Types of Language Attrition

Van Els (1986) identified four types of attrition, determined by two dimensions—firstly, what is lost, and secondly, the environment in which it is lost.

Where it was lost
What is lost
First language
Second language
First-language environment
Loss of the first language as a result of ageing and/or some pathological conditions
Loss of a foreign or second language upon return to the first-language environment or through lack of contact with the second language owing to end of schooling, moving, etc.
Second-language environment
Loss of the first language as a result of emigrating to a country in which a different language is spoken; especially likely to apply to children who emigrate
Language loss late in life after emigrating to a country in which a different language is spoken (may also be related to pathological conditions)

The most common types of language attrition are the loss of a second language in a first-language environment and the loss of a first language in a second-language environment. In these situations, attrition occurs naturalistically in environments in which another language or languages are dominant (Olshtain 1989).

Hypotheses about Language Attrition

Jokobson (1941) proposed the Regression Theory. He proposed, in the context of aphasia, language attrition was the reverse process of language acquisition—what was learned, in terms of language, would be first lost in the process of attrition. Although Jakobson’s hypothesis was designed to explain language attrition in aphasics, aphasic language attrition is not progressive and the hypothesis has not been empirically supported.

The Activation Threshold hypothesis (1997) takes into account the frequency with which a linguistic term is used. As Gürel points out, this theory predicts that individual’s ability to access a particular linguistic feature is use-dependent, such that if an item is not used frequently, it will be more difficult to activate (that is, it will have a higher activation threshold).

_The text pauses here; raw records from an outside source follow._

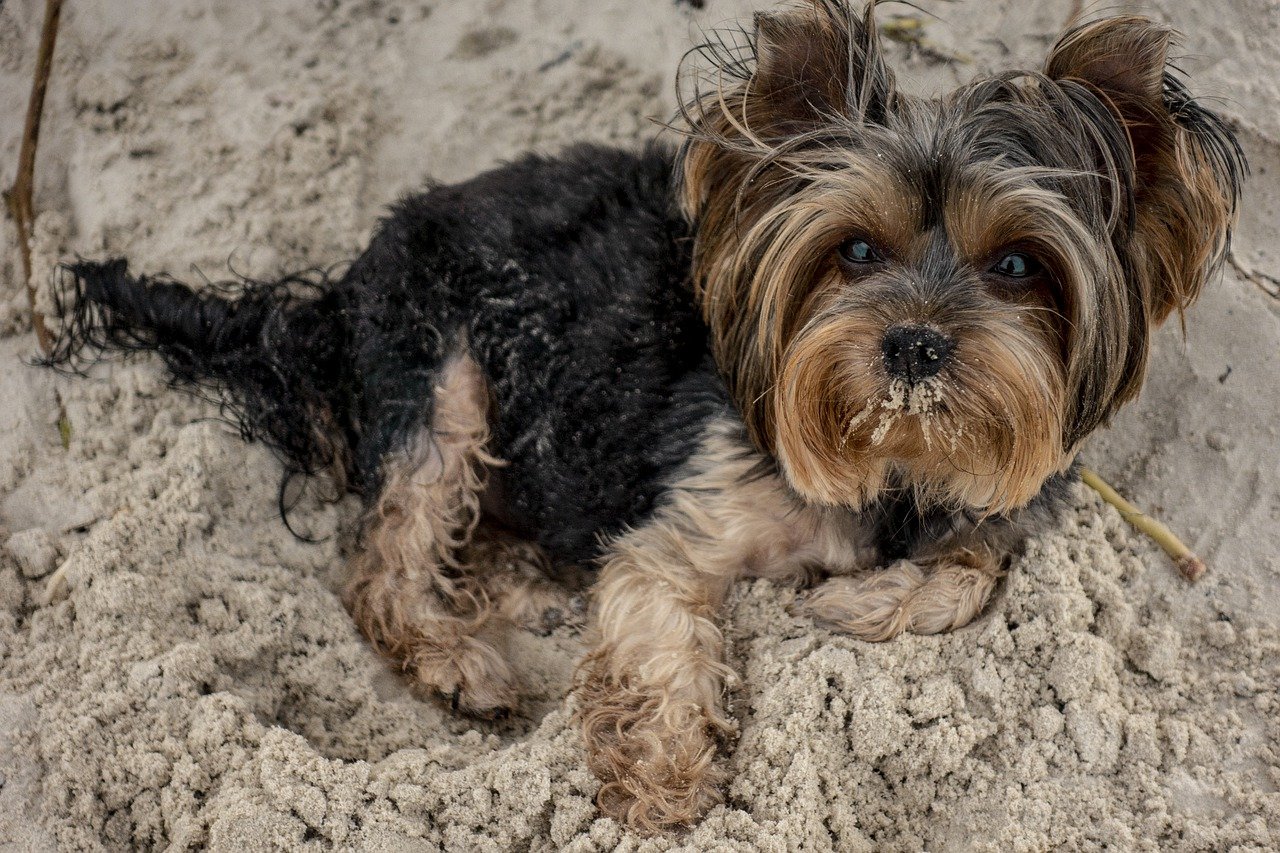 yorkipoo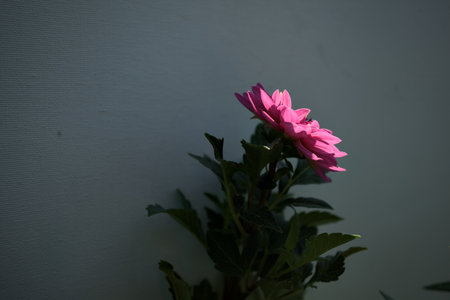 Pink dahlia in bloom on a white background seen up close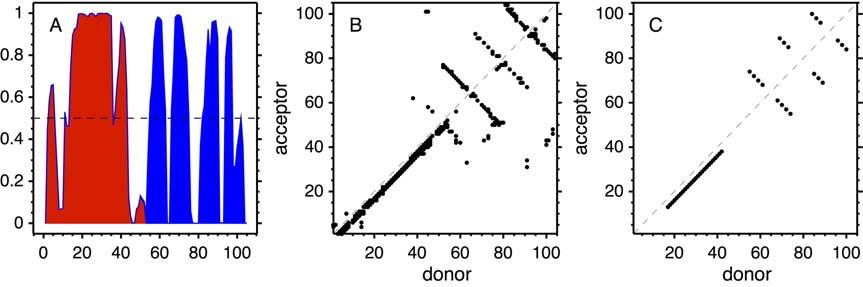 Figure E: Secondary structure inferred from the monomer ensemble. (A) Posterior probability of secondary structure (red: helix, blue: beta-strand).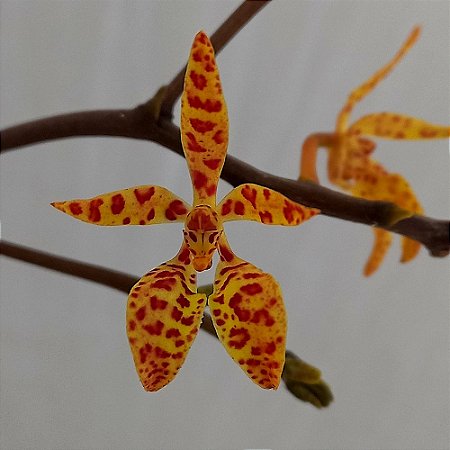 Orquídea Renanthera monachica - Ad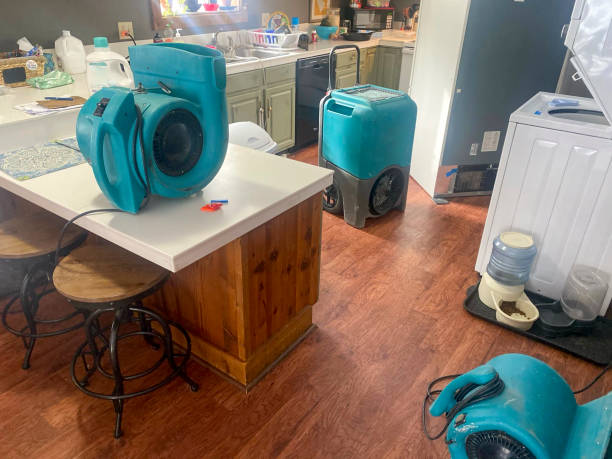 Best Flooded house restoration  in Cheyenne, WY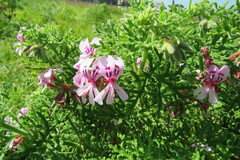 Pelargonium radens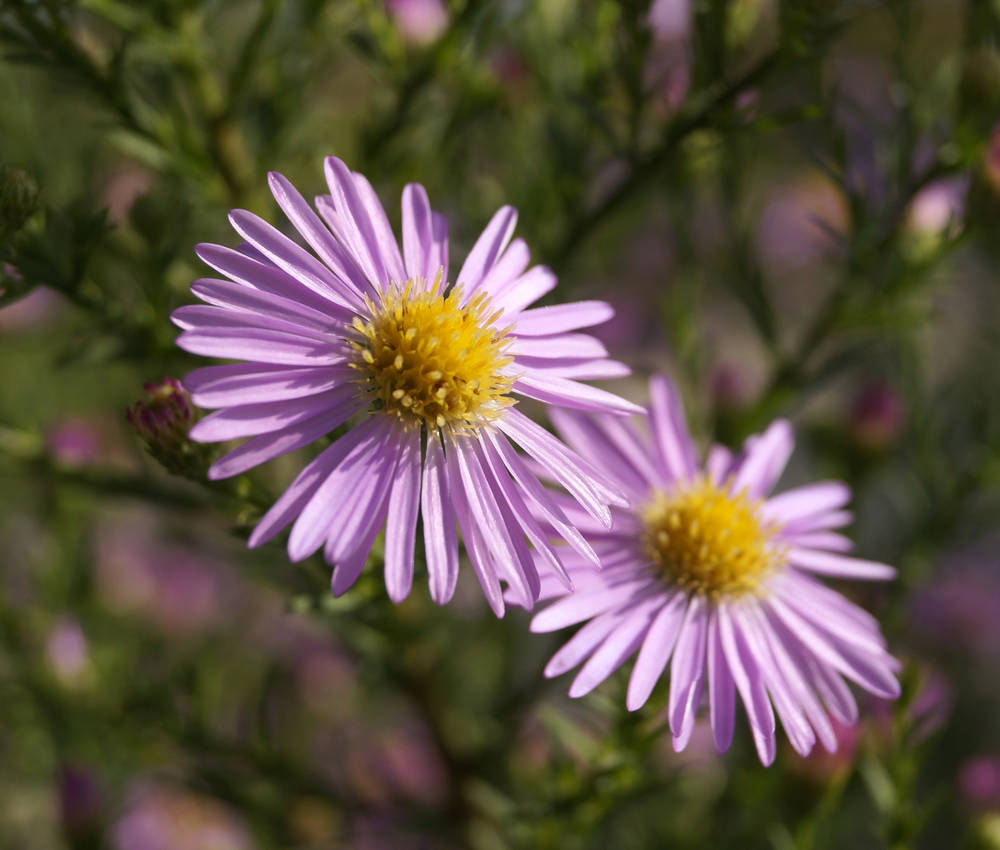 Aster pringlei 'Pink Star'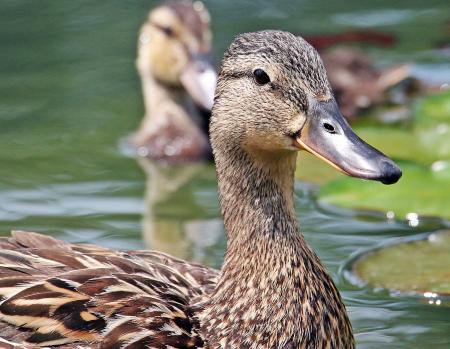 Ducks Swimming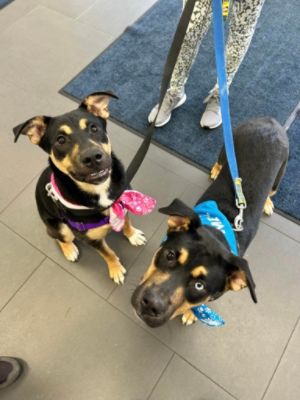 A Crivelli and Subaru Loves Pets!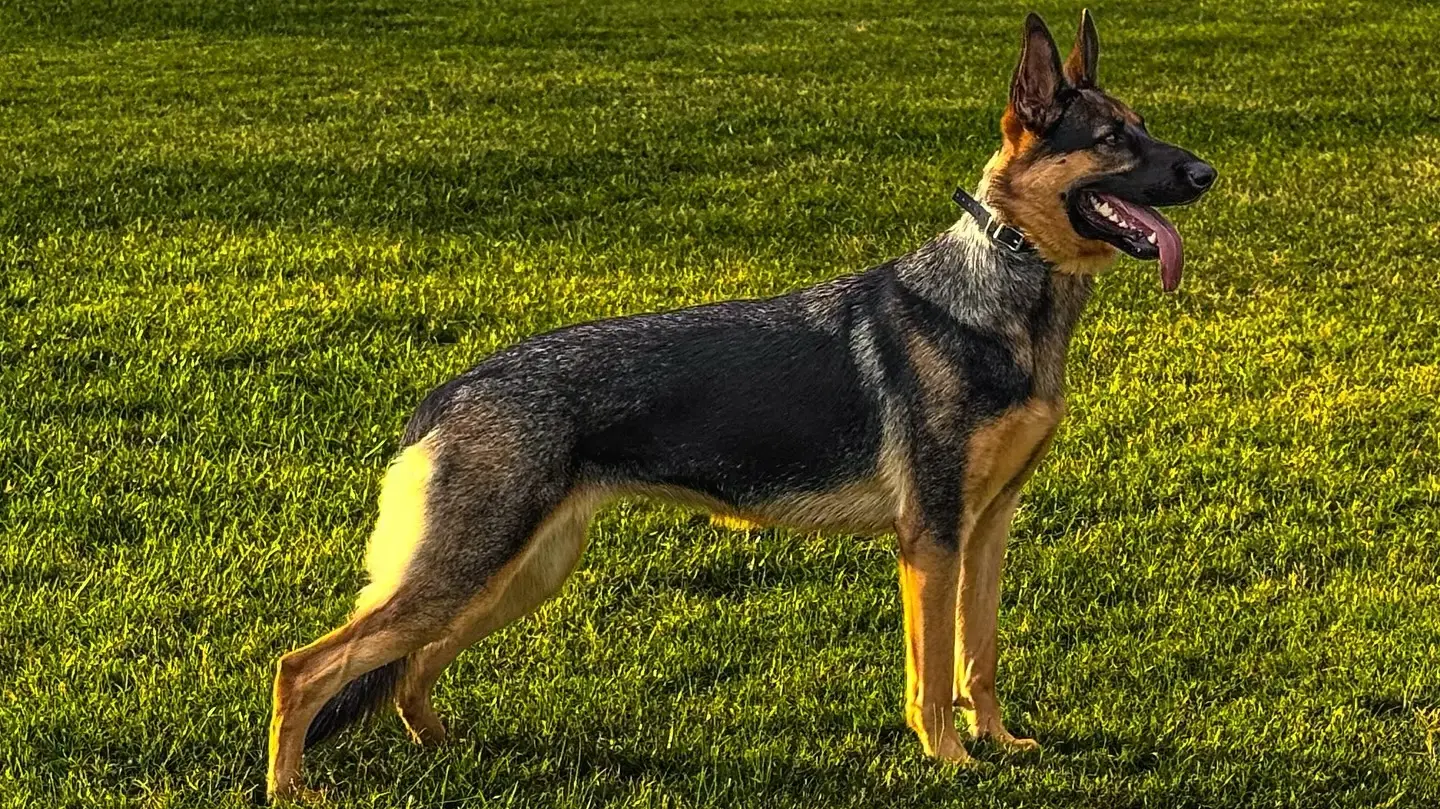 A German Shepherd standing at attention in golden-hour light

Second-Language Loss in a First-Language Environment

There are numerous cognitive and social factors which may impact on the degree of attrition of an individual’s language. When it comes to language attrition, age appears to be clear advantage.

Olshtain (1981) examined the English attrition of younger (five to eight-year-olds) and older (eight to fourteen-year-olds) children who returned to Israel after living for a minimum of two years in an English-speaking environment. She found attrition to be more rapid for the younger group than for the older group.

Cohen (1989) investigated his own children’s loss of their language, Portuguese, when they returned to Israel at the age of nine and thirteen (their two other languages are Hebrew and English). His findings correlated with those of Olshtain in that he found the younger child’s language loss was more rapid than that of the older child.

Cohen was interested in the attrition of productive lexicon, pointing out that there are four aspects of vocabulary that can contribute toward the forgetting of a particular lexical item (Cohen 1986). These are the form of the word, the position of the word, the function of the word, and the meaning of the word.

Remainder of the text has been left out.